In 1825 Charlot purchased a 150 acre tract of land on Prairie Jefferson from John Ward. After maintaining the property for 10 years, Charlot sold the acreage to Robert H. Bowmar on September 22, 1834 for eight hundred dollars. Family lore speaks of the family being poor in the years before the Civil War, however Charlot's documented employment and this land sell indicates that he generated enough income for the family to live comfortably. The land sold for $800.00 in 1834, which would have valued $16,700 in those times. Exact goods and services purchased for $800.00 today, would have cost about $37.00 in 1834.

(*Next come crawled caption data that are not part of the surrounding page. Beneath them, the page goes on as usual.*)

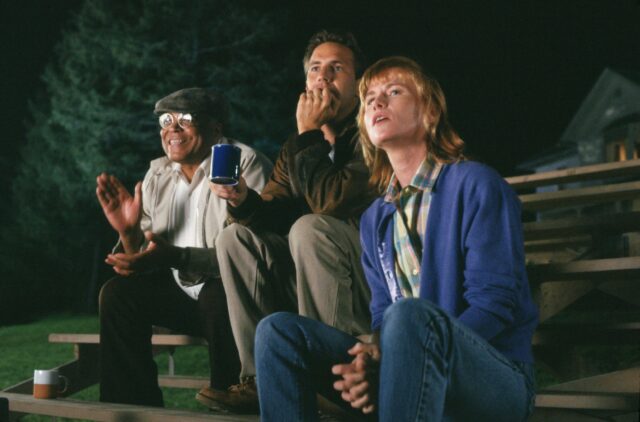 James Earl Jones, Kevin Costner, and Amy Madigan sitting on bleachers.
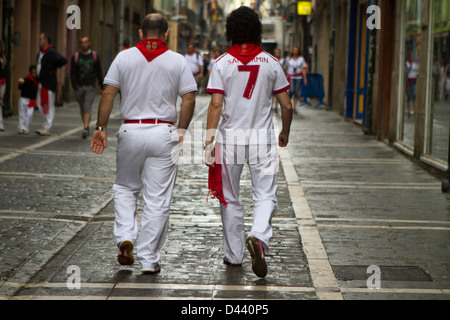 Junge Männer Fuß durch die Straßen von Pamplona Tracht der roten und weißen während San Fermin Festival. Pamplona, Stockfoto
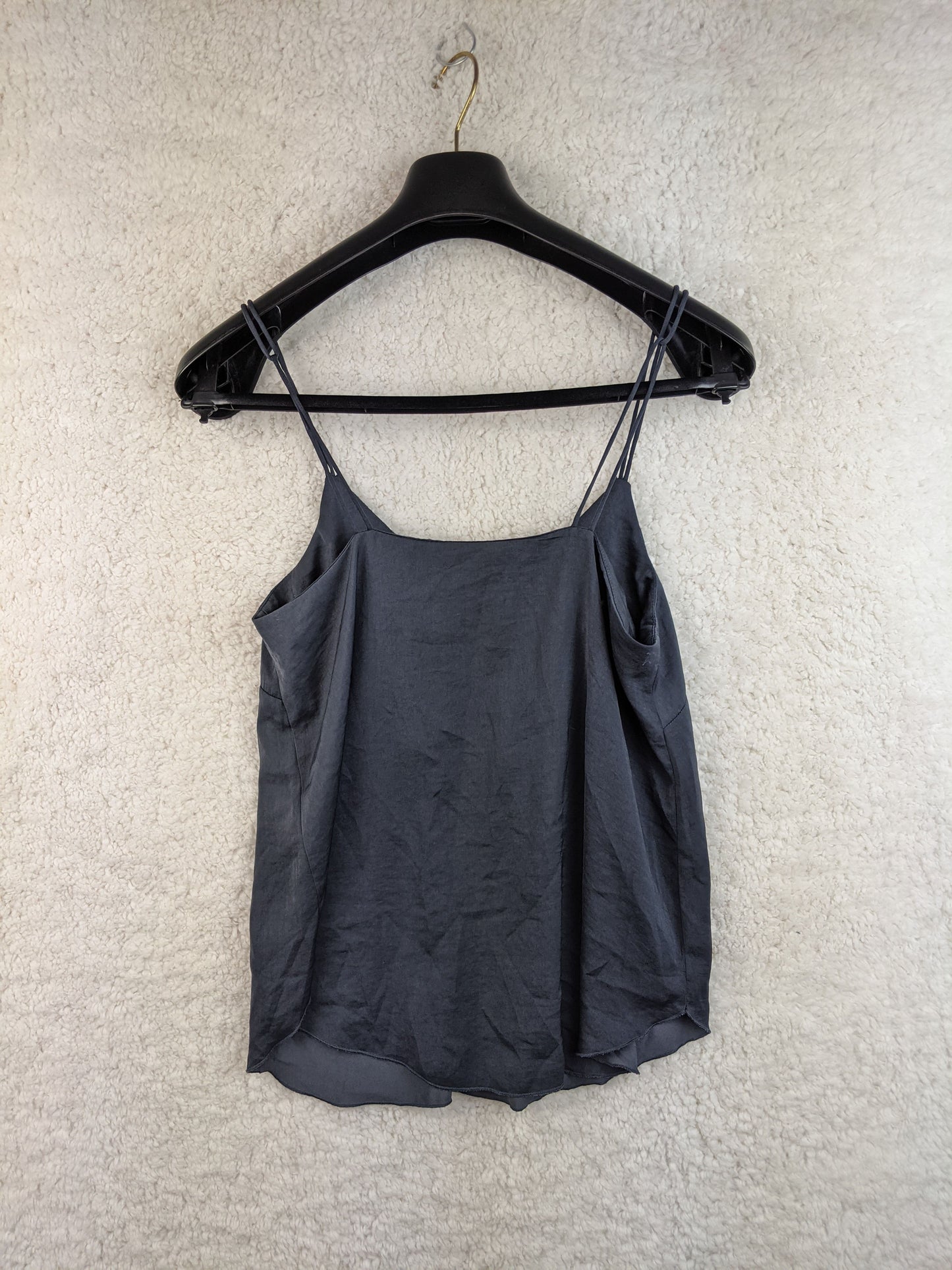 Black spaghetti strap top on hanger, back view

The Senate Land Hearing depositions given by and about Charlot offers details that help in fleshing out his life and work. Charlot's birth, early employment and places of residence are referenced in the depositions. Most importantly Charlot's testimonies enabled a number of early residents or their descendants to validate their rights to the land claims being questioned by the Senate. Without Charlot's detailed depositions a number of settlers would have lost their rights to their land. Some of the families who's claims were validated by Charlot's testimonies were: Alexander Peck, Hannibal Faulk, A.D. Crossman all of whom purchased the "Strickland Tract" that was first occupied by Alexander Scribner; Robert H. Bowmar who purcahsed and cultivated land on Prarie Jefferson that was first occupied by Levi Guice; James C. Cooper who was settled on the Gabriel Scott tract and Moses Floyd. Charlot also testified on behalf of Jesse H. Wilson who lived in Prarie Jefferson on a tract of land that had been originally granted to Joseph Segars who came to the Ouachita with Bastrop in 1797; and Randal Livingston, Adam Pruett and the heirs of Hemken, Kellam and H.M. Bry. In a society and time when land truly meant everything it is surprising that Charlot was not memorialized for his invaluable help in securing the land titles of those being questioned.
"Chain Bearer (CB)
According to the depositions Charlot was 66 years old when the hearings started in 1851 but reached his 67th birthday by December of that year, dating his birth to 1784. Charlot claimed that he worked for Abraham Morehouse as a chain bearer for 10 years, assisting in surveying the massive Baron de Bastrop grant. In all likely hood Charlot was recommended to serve as Morehouse's chain carrier; it would have been an almost imposible feat for Morehouse and assistants from outside of the area to expedite the plotting of the grant. Charlot mentions that he hunted the entirity of the Bastrop Grant and surrounding area, and was intricatly familiar with the layout of the land. Charlot's great granddaughter, Eleanor Evelyn Shiloh Alford claimed that both her grandfather, Charlot's son Augueste II, and her great grandfather were carpenters and hunters who plied the waters from Illinois to the gulf. By Charlot's own admission he was indeed a hunter and a carpenter. He laid claim to assisting in the building of homesteads for both Jacob Stroope, John Vance and other early settler families. Charlot is believed to have died living near Shiloh Creek in an area now situated off of the Crosset Highway; but from the grant hearing depositions we know that he lived first in Monroe near the Poste; and moved to Prarie Jefferson, near Oak Ridge when he was about 45 years old or circa 1829. He remained in the Prarie Jefferson area for 18 years "prior to 1840" when he likely removed with his family to property his daughter-in-law purchased in the Shiloh Creek area noted earlier.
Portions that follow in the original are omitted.